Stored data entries
Start of Block
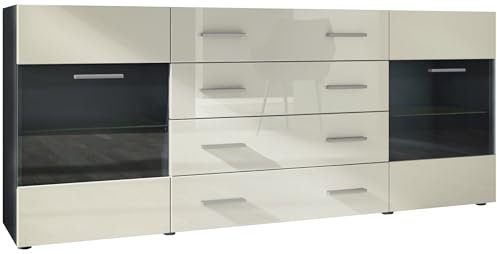 Vladon Sideboard Kommode Bari V2, Made in Germany, Korpus in Schwarz matt/Front in Creme Hochglanz (166 x 72 x 35)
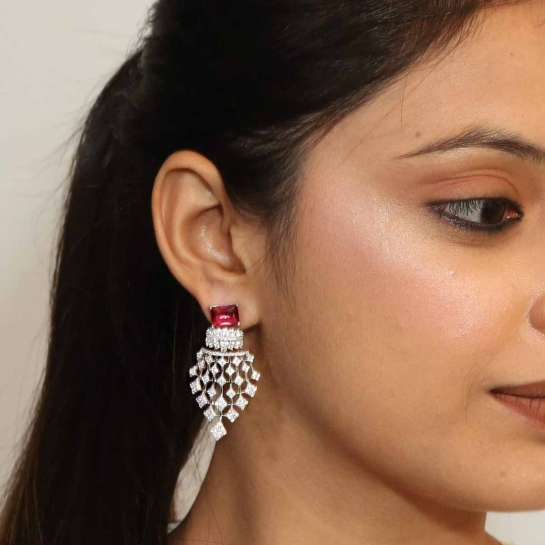 925 Kirti Sterling Silver Stone Earrings | Silver Earring For women
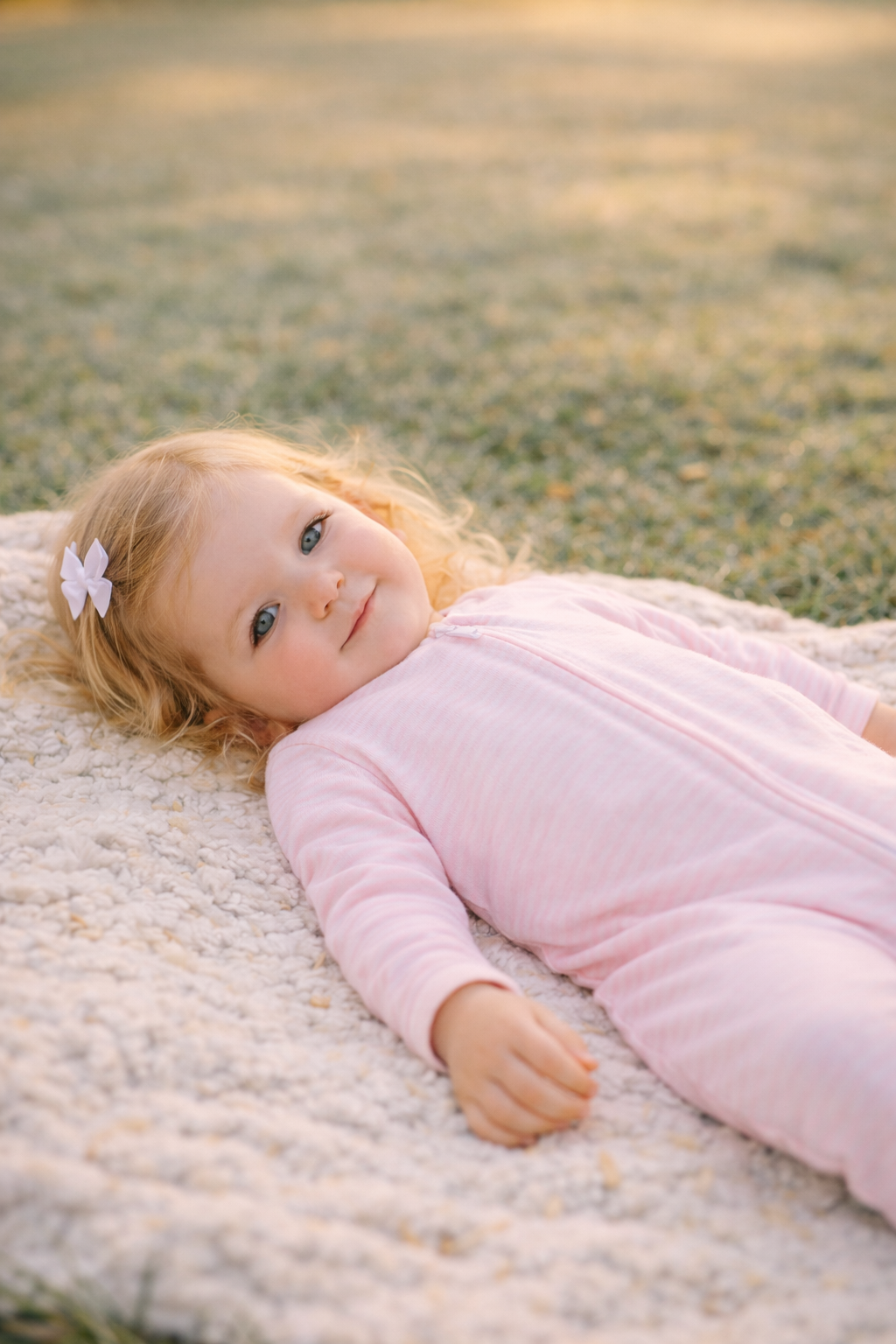 Mini Stripes Footie - Pink Magnolia Baby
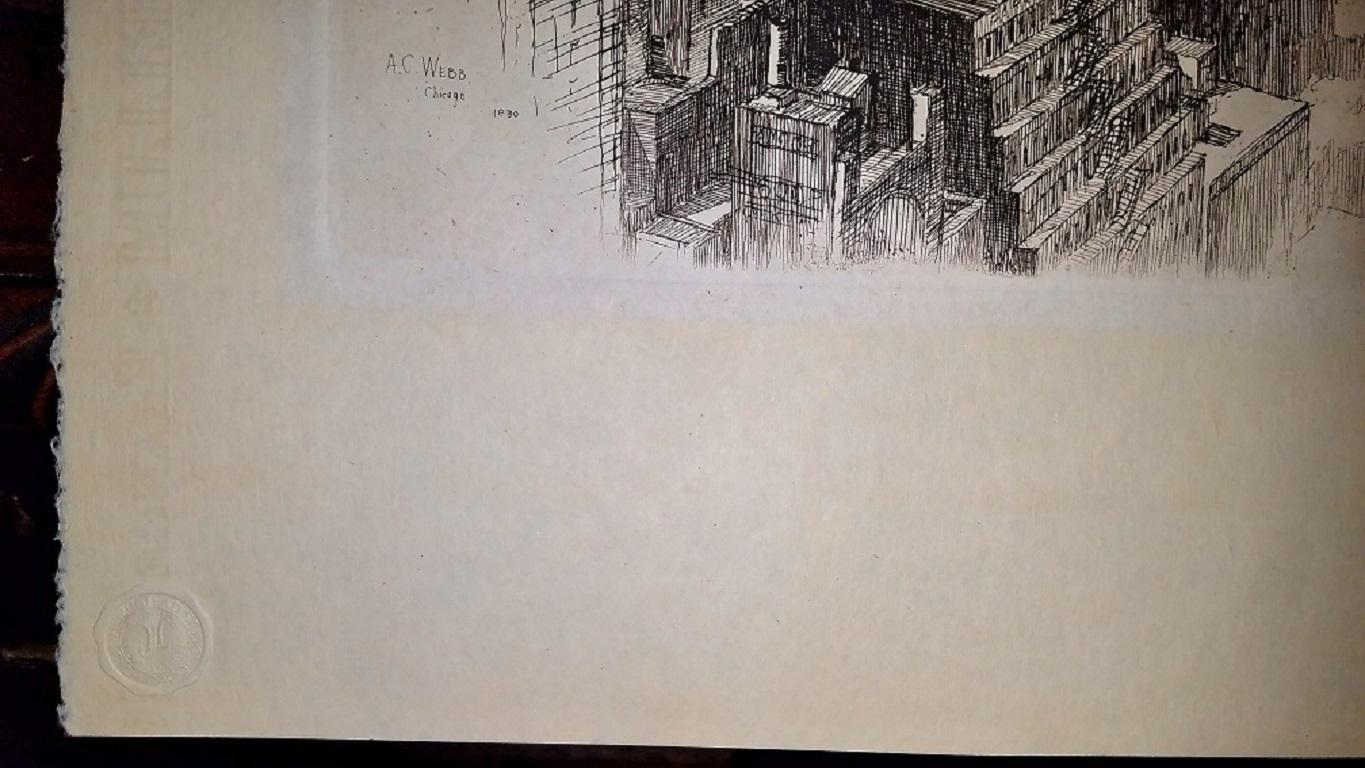 American Original Etching by AC Webb of Chicago Skyline in 1930 For Sale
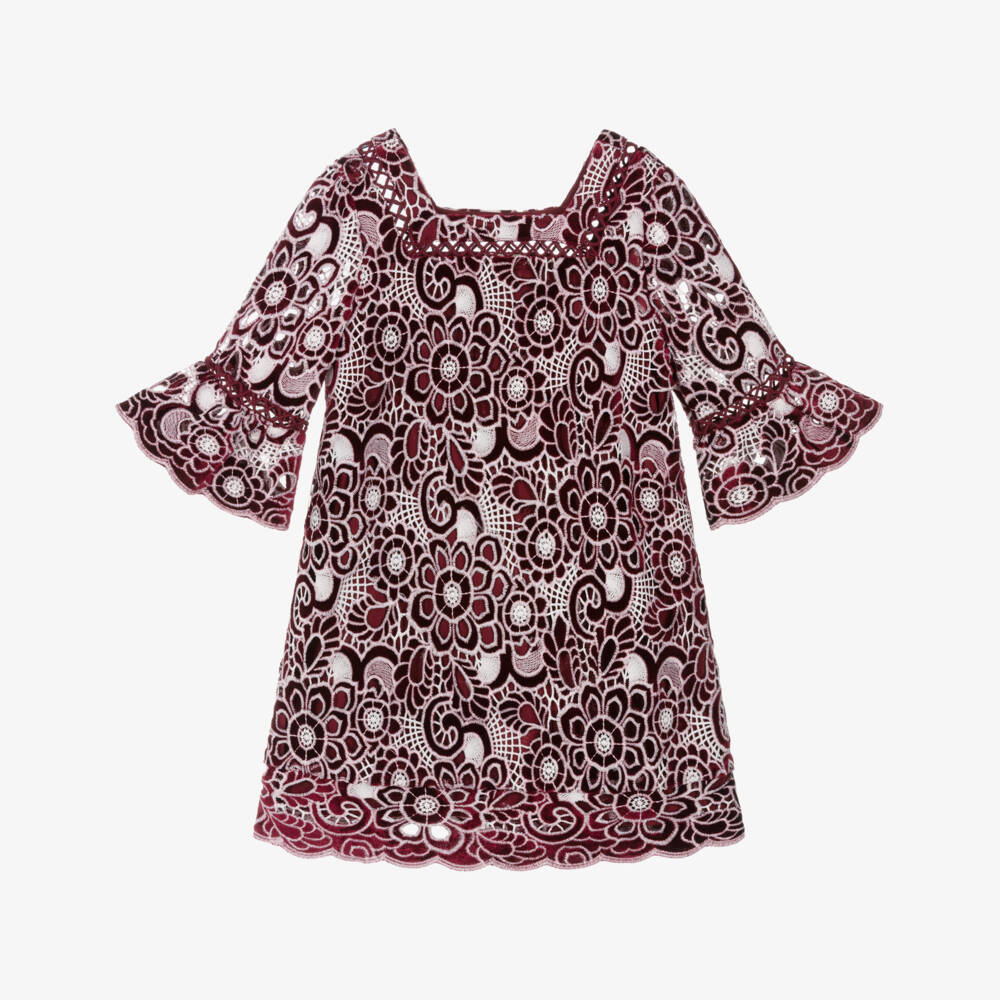 Marlo Kids-Girls Red Velour Dress with Embroidered Floral Cutwork | Childrensalon Outlet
End of Block
Task details
Set down each of the records precisely, leaving any pictures behind.

Task output
 Vladon Sideboard Kommode Bari V2, Made in Germany, Korpus in Schwarz matt/Front in Creme Hochglanz (166 x 72 x 35)
 925 Kirti Sterling Silver Stone Earrings | Silver Earring For women
 Mini Stripes Footie - Pink Magnolia Baby
 American Original Etching by AC Webb of Chicago Skyline in 1930 For Sale
 Marlo Kids-Girls Red Velour Dress with Embroidered Floral Cutwork | Childrensalon Outlet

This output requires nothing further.